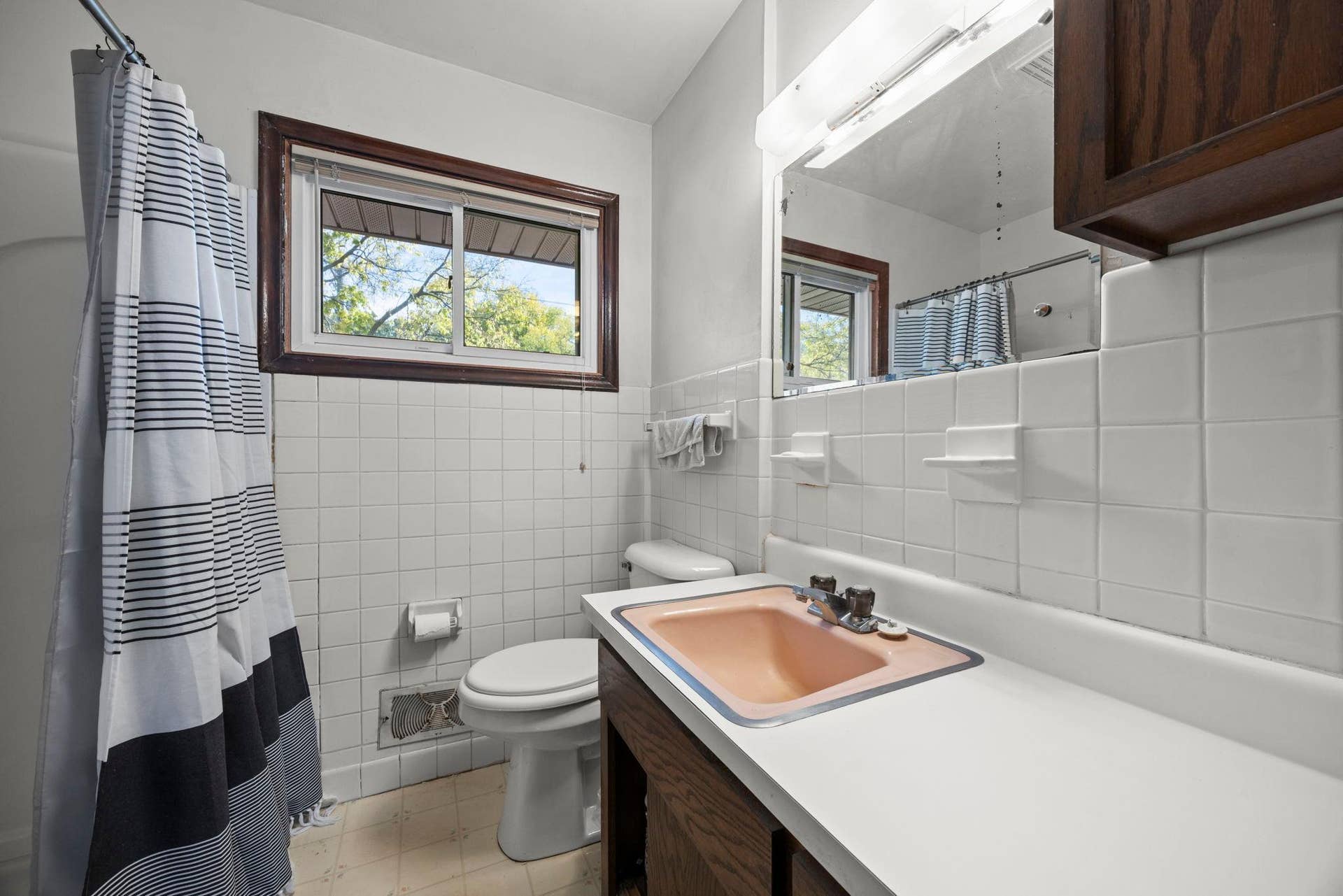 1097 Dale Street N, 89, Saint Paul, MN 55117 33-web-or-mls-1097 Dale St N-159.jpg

——

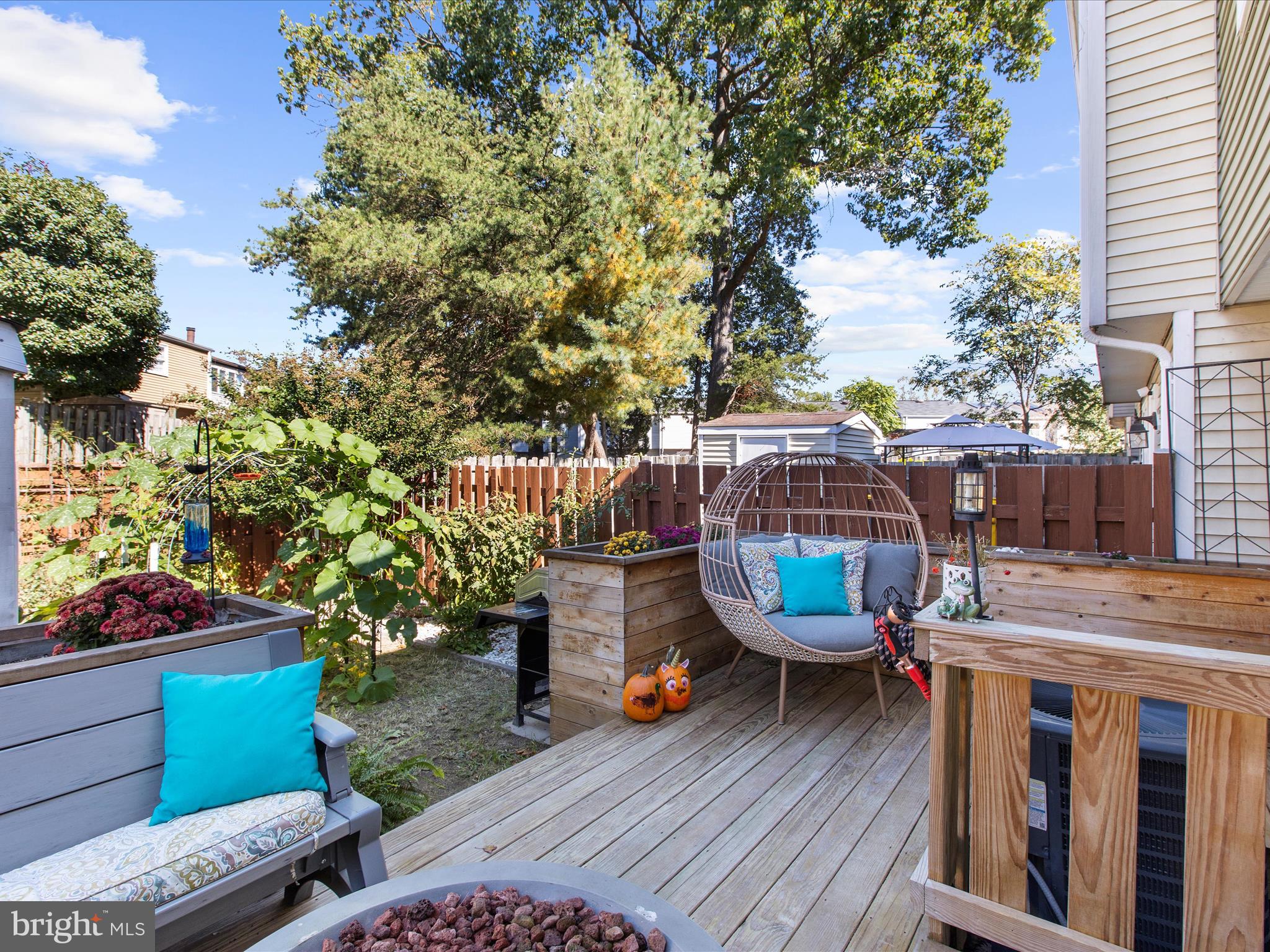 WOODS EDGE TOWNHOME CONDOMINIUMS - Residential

——

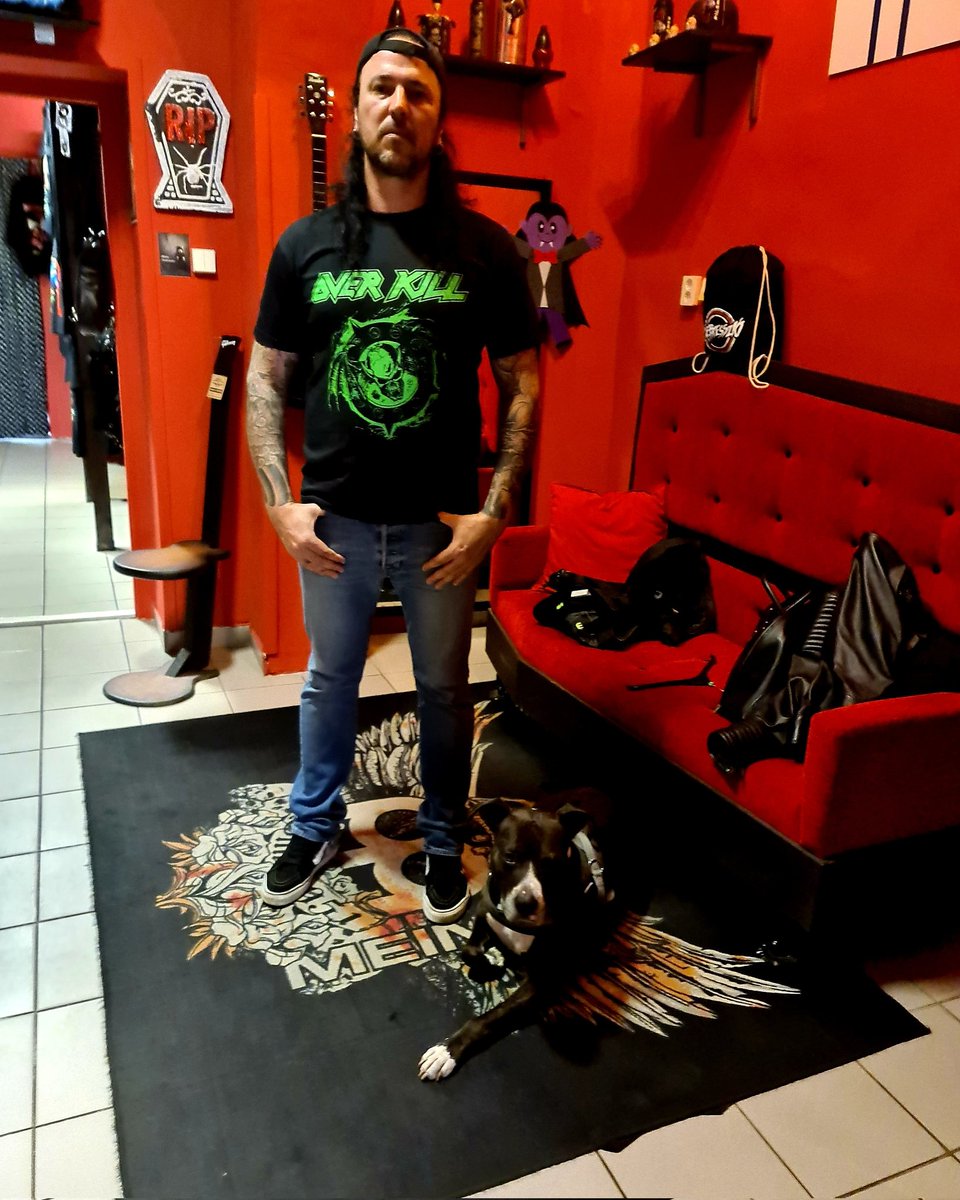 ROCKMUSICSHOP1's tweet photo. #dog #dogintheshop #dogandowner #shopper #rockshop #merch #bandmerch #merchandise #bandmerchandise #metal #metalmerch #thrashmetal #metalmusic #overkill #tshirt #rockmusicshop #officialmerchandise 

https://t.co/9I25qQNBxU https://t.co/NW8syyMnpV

——

■ TASK OBJECTIVE
Reproduce the data above exactly, but only the lines from the one showing "ROCKMUSICSHOP1's tweet photo." through the one showing "https://t.co/9I25qQNBxU https://t.co/NW8syyMnpV", with both ends kept and the pictures left out.

■ REPLY
 ROCKMUSICSHOP1's tweet photo. #dog #dogintheshop #dogandowner #shopper #rockshop #merch #bandmerch #merchandise #bandmerchandise #metal #metalmerch #thrashmetal #metalmusic #overkill #tshirt #rockmusicshop #officialmerchandise 

https://t.co/9I25qQNBxU https://t.co/NW8syyMnpV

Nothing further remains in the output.